# Exercise instructions:
Check the records below line by line for the string "Black". Give the number of lines that contain it and nothing else.

=== Provided records ===

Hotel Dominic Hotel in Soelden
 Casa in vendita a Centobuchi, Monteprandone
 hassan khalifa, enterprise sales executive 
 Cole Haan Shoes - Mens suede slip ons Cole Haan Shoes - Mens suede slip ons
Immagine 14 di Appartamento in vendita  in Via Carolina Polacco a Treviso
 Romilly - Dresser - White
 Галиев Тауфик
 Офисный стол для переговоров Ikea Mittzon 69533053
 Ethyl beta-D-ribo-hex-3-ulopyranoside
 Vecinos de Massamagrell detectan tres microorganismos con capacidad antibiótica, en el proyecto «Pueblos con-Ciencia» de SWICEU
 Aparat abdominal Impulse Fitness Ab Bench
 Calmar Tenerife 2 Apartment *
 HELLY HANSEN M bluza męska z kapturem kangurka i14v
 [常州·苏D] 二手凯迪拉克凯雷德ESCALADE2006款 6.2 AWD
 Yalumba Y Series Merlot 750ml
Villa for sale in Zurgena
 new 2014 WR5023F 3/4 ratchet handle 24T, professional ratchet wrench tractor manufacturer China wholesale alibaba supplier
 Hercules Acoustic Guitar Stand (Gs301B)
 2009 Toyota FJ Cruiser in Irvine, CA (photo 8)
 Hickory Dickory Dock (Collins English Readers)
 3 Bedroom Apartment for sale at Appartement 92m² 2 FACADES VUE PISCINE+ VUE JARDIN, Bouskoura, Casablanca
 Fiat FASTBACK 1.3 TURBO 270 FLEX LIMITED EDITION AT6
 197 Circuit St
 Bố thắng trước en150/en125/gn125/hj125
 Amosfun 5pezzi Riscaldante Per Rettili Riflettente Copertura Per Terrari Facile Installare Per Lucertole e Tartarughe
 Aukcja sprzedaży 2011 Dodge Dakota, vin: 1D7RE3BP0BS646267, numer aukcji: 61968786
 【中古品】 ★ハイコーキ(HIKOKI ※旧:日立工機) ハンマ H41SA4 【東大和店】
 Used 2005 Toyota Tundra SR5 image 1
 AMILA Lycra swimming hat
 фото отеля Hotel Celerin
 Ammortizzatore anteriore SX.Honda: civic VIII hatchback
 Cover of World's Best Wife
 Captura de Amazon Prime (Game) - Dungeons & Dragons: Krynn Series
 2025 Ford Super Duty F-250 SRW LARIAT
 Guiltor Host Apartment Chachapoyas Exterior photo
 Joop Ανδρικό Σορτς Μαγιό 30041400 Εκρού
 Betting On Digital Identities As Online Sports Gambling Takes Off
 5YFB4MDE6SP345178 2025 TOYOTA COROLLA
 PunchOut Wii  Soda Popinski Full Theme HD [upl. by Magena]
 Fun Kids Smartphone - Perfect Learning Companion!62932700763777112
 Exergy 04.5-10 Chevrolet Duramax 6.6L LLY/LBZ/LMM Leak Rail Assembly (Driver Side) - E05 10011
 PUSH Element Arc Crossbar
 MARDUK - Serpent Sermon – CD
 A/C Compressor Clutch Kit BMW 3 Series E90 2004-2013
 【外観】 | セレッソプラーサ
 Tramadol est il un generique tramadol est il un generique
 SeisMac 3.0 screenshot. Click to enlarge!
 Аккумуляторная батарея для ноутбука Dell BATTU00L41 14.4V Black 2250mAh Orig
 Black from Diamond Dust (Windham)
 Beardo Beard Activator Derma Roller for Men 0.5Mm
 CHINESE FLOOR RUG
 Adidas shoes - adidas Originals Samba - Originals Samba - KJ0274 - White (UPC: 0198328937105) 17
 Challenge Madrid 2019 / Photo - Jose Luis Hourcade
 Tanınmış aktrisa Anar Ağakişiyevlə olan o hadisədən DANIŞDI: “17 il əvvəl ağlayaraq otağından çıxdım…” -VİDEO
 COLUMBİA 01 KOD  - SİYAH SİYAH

===

# Answer section:
2